How to return result as HTML with HtmlXPathSelector (Scrapy)
Solution 1
Call .extract()
on your XpathSelectorList
. It shall return a list of unicode strings contains the HTML content you want.
hxs.select('//div[@id="leexample"]/*').extract()
Update
# This is wrong
hxs.select('//div[@id="leexample"]/html()').extract()
/html()
is not a valid scrapy selector. To extract all children, use '//div[@id="leexample"]/*'
or '//div[@id="leexample"]/node()'
. Note that, node()
will return textNode
, the result kind of like:
[u'\n ', u'<a href="image1.html">Name: My image 1
' ]
Solution 2
Use:
//span[@class="title"]/node()
this selects all nodes (elements, text-nodes, processing-instructions and comments) that are children of any span
element in the XML document whose class
attribute has the value "title"
.
If you want to get only the children-nodes of the first such span
in the document, use:
(//span[@class="title"])[1]/node()
Solution 3
Though late I leave this for the record.
What I do is:
html = ''.join(hxs.select('//span[@class="title"]/node()').extract())
Or if we want to match various nodes:
elements = hxs.select('//span[@class="title"]')
html = [''.join(e) for e in elements.select('./node()')]
mirandalol
Updated on August 19, 2022Comments
-
mirandalol over 1 year
How do I retrieve all the HTML contained inside a tag?
hxs = HtmlXPathSelector(response) element = hxs.select('//span[@class="title"]/')
Perhaps something like:
hxs.select('//span[@class="title"]/html()')

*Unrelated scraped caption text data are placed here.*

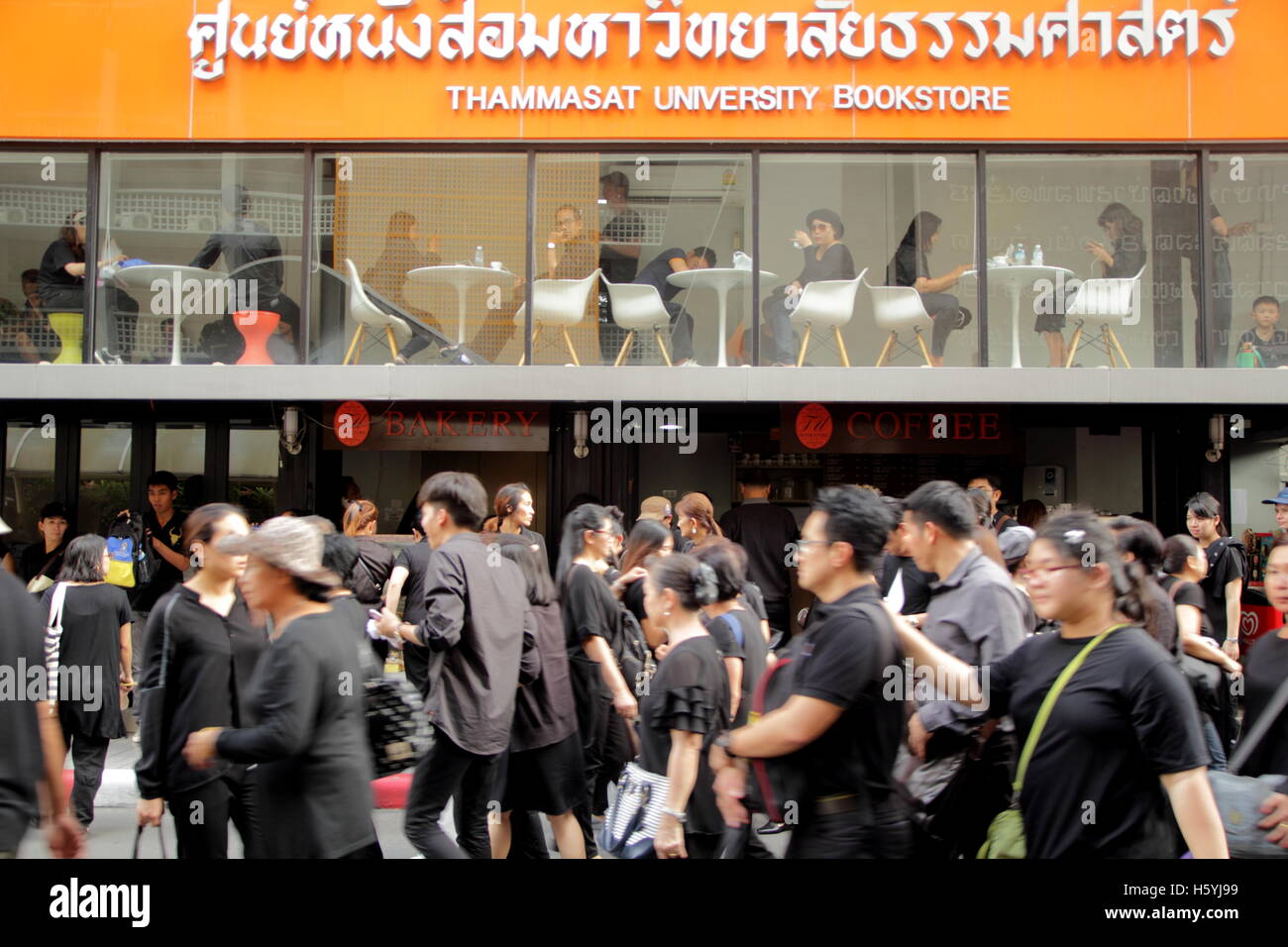 Bangkok, Thaïlande. 22 octobre, 2016. Pleureuses vêtues de noir pour rendre hommage au regretté roi Bhumibol Adulyadej thaïlandais à l'université Thammasat à Bangkok. Le roi Bhumibol Adulyadej de Thaïlande est décédé après une longue maladie, le palais a annoncé le 13 octobre 2016. Un Sahakorn Crédit : Piti/Alamy Live News Banque D'Images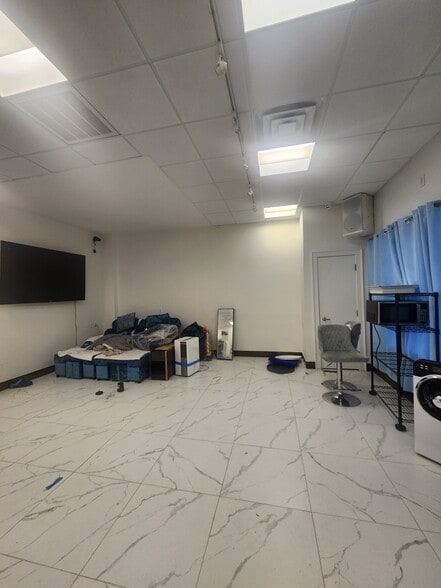 More Photos Of 377 Woodcleft Ave, Freeport Storefront Retail Residential For Sale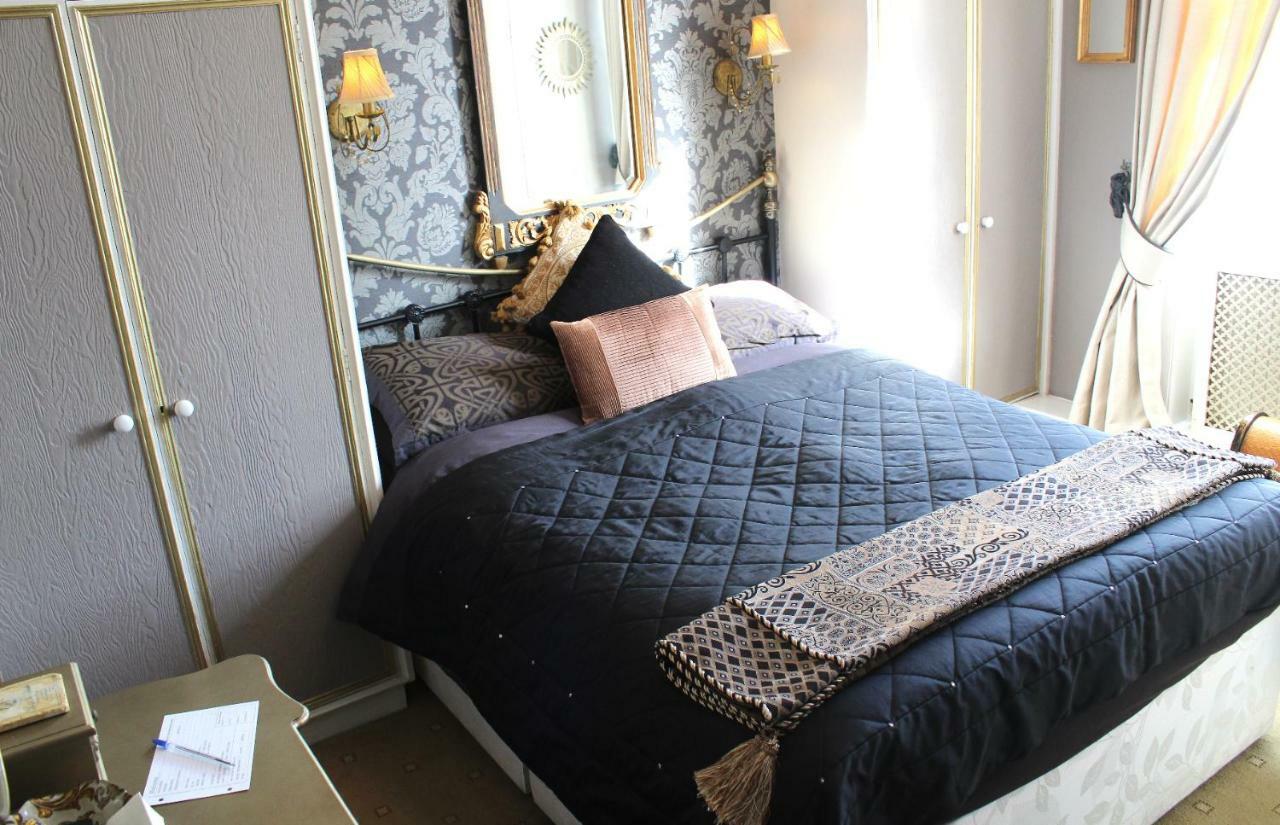 Holly House Bed And Breakfast And Apartments Hereford Exteriör bild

EDIT: If I look at the documentation, I see only methods to return a new
XPathSelectorList
, or just the raw text inside a tag. I want to retrieve not a new list or just text, but the source code HTML inside a tag. e.g.:<html> <head> <title></title> </head> <body> <div id="leexample"> justtext <p class="ihatelookingforfeatures"> sometext </p> <p class="yahc"> sometext </p> </div> <div id="lenot"> blabla </div> an awfuly long example for this. </body> </html>
I want to do a method like such
hxs.select('//div[@id="leexample"]/html()')
that shall return me the HTML inside of it, like this:justtext <p class="ihatelookingforfeatures"> sometext </p> <p class="yahc"> sometext </p>
I hope I cleared the ambiguousness around my question.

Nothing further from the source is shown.